つまり、剪定をするにあたってもその木を人(主人)がどこから眺めるのかということ(視点の変化・動き)を頭において行う事が最も大切である。それによって樹の輪郭線を強調するのか、枝ぶりを見せるのか、それぞれの樹全体の葉量(濃淡)から各枝の葉量が決まってくる。その他、枝や葉量に関しては目隠し、防風という機能性も重視したい。
(2)剪定手法
上記のように見る人の視点に立った剪定が肝要であると述べた。また、これらの樹木観は「線・塊・色」という言葉でまとまりがつく。「線」は樹冠線、枝の線である。「塊」は小枝や葉の1つのまとまりであり、「色」は木全体もしくは個々の枝における濃淡・粗密である。つまり、樹冠線や枝のどこの「線」を強調し、どこに枝葉の「塊」をつくって、その枝葉量の濃さ「色」をどうするのかという事である。そこに前述の築山庭造伝で挙げられる「割り」という技法が必要になる。「割り」というのは「透かし」のことである。鋏や指を使う。この透かしの技法には、切る程度や切る枝の大小、作業の手順によって大透かし、中透かし、小透かしに分けられる。また「透かし」の他に樹冠線をより強調した人工形ともいうべき「刈込」の技法がある。
①透かし
大透かしは、樹形を乱したり日当たりを悪くする枝を幹の元で取り除くことである。
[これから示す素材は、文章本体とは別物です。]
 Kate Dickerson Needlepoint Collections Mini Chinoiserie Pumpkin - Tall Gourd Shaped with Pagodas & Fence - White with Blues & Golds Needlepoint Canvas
また樹全体の構成を変える場合に行う。まず気になるのが幹と枝の動きやバランスであり、おかしな動きをしている枝は一目でわかる。切るべき枝のほとんどが「忌み枝」と呼ばれるものであり、平行枝、閂(かんぬき)枝(えだ)、車枝、立ち枝、交差枝などがあげられる。これらは必ず切らなければならないわけではない。落葉樹において立ち枝は、場合によると次期の更新枝になる。
 中透かしは、大透かしと同じく忌み枝を抜くと同時に主枝の中間部分の副主枝を切ったり、主枝を副主枝が分岐している付根で切って、副主枝を新しい主枝の先端にして「切り戻し」をすることである。枝の元から主枝の先までたどるように枝の流れを見る必要がある。枝の長さや方向は、目的とする輪郭(樹冠)線によってまたは上下左右の枝によって決まる。
 中透かしまで終わると、枝葉が込んでいる部分の小枝を透かし、全体の調子を合わせる小透かしを行う。この小透かしの強弱によって葉量の濃淡がつけられる他、目的とする樹冠線をだす。樹種によってやり方が異なり、ミツ(小枝が三本以上に分かれている部分)を割る、三ッ葉透かし、古葉もみあげ、爪透かしなどがある。
 以下に「透かし」のポイントをあげる。
・見る人の視点に立った剪定をする。また枝は一方見としない。
・異角度、異方向に伸びる枝を抜く
・車枝、閂枝、平行枝を互生になるように抜く
・幹に対する枝の太さ動き、樹冠線とのバランスを見抜く
・水道(みずみち)を考えて枝を抜く
この中で「水道を考えて枝を抜く」ことが一番難しい。剪定は直後の綺麗さも重要であるが、剪定後の枝の伸び方はそれよりも重要である。剪定したために樹形がくずれてしまうこともある。最大の問題は徒長枝の発生である。いかに徒長させないかが剪定のひとつのカギとなる。原因としては、分岐部の主枝の太さに比べて副主枝があまりにも細い場合や切り詰め剪定をした時に幹の太さに対して枝葉量が少なくなると養水分の流れがスムーズにいかなくなり、切り口部分からはけ口をつくるように徒長枝が発生する。そうならないために大透かしによる強い枝の除去や主枝の更新(切り戻し、差し替え)を上手に行い、根からのエネルギーを分散する必要がある。

 落葉広葉樹(モミジ)の剪定【自然樹形】

常緑広葉樹(ツバキ)の剪定【自然的樹形】
②刈込み
街でよく見かける生垣や円柱型の刈込物はそのほとんどが曲がっていたり凸凹であったりしている。これらは、また伸びるからということで片付けてはいないか。左官工事をとってみても真直ぐや平らにするのは当り前なことである。造園だけが平らや形にするべきところを曲がっていたり凸凹であったりでいいはずがない。それが認められてしまうからこそ、建築から馬鹿にされてしまうのだ。
 「刈込はだれでもできる」と言われる。刈込鋏を動かして葉先を切り揃えることは誰でも出来るだろう。しかし、幹を中心として左右対称かつ真直ぐな線を出すことは誰でもできる仕事ではない。そのように刈り込まれた木は人の目を引き付けるし、だれでも真直ぐや平らは分かることでる。刈込がきちんと出来て一人前と言われるのはそのためである。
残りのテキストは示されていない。